To do ::
Print, from the listing below, the lines starting at the line containing "Vittala Temple Gopuram" and ending at the line containing "Bracelet en cuivre", exactly as they stand, and print nothing else.
===
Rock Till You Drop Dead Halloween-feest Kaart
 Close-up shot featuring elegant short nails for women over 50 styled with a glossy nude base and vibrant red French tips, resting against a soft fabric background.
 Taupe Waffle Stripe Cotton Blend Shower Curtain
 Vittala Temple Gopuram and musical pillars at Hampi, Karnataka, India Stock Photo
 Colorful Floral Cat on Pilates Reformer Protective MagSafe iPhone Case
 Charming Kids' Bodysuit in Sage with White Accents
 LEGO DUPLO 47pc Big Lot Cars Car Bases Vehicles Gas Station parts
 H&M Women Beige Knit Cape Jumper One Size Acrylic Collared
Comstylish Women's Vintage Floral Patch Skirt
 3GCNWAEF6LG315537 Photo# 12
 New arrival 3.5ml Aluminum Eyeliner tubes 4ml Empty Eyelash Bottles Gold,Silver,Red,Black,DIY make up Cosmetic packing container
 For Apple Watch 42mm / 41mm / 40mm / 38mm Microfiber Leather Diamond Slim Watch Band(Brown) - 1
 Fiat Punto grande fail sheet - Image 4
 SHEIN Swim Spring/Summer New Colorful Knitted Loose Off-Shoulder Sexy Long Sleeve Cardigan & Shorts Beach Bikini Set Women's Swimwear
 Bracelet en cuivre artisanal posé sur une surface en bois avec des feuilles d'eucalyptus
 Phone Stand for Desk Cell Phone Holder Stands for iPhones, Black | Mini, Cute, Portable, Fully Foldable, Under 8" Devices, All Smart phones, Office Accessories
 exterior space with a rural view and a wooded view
===
Solution to this task ::
 Vittala Temple Gopuram and musical pillars at Hampi, Karnataka, India Stock Photo
 Colorful Floral Cat on Pilates Reformer Protective MagSafe iPhone Case
 Charming Kids' Bodysuit in Sage with White Accents
 LEGO DUPLO 47pc Big Lot Cars Car Bases Vehicles Gas Station parts
 H&M Women Beige Knit Cape Jumper One Size Acrylic Collared
Comstylish Women's Vintage Floral Patch Skirt
 3GCNWAEF6LG315537 Photo# 12
 New arrival 3.5ml Aluminum Eyeliner tubes 4ml Empty Eyelash Bottles Gold,Silver,Red,Black,DIY make up Cosmetic packing container
 For Apple Watch 42mm / 41mm / 40mm / 38mm Microfiber Leather Diamond Slim Watch Band(Brown) - 1
 Fiat Punto grande fail sheet - Image 4
 SHEIN Swim Spring/Summer New Colorful Knitted Loose Off-Shoulder Sexy Long Sleeve Cardigan & Shorts Beach Bikini Set Women's Swimwear
 Bracelet en cuivre artisanal posé sur une surface en bois avec des feuilles d'eucalyptus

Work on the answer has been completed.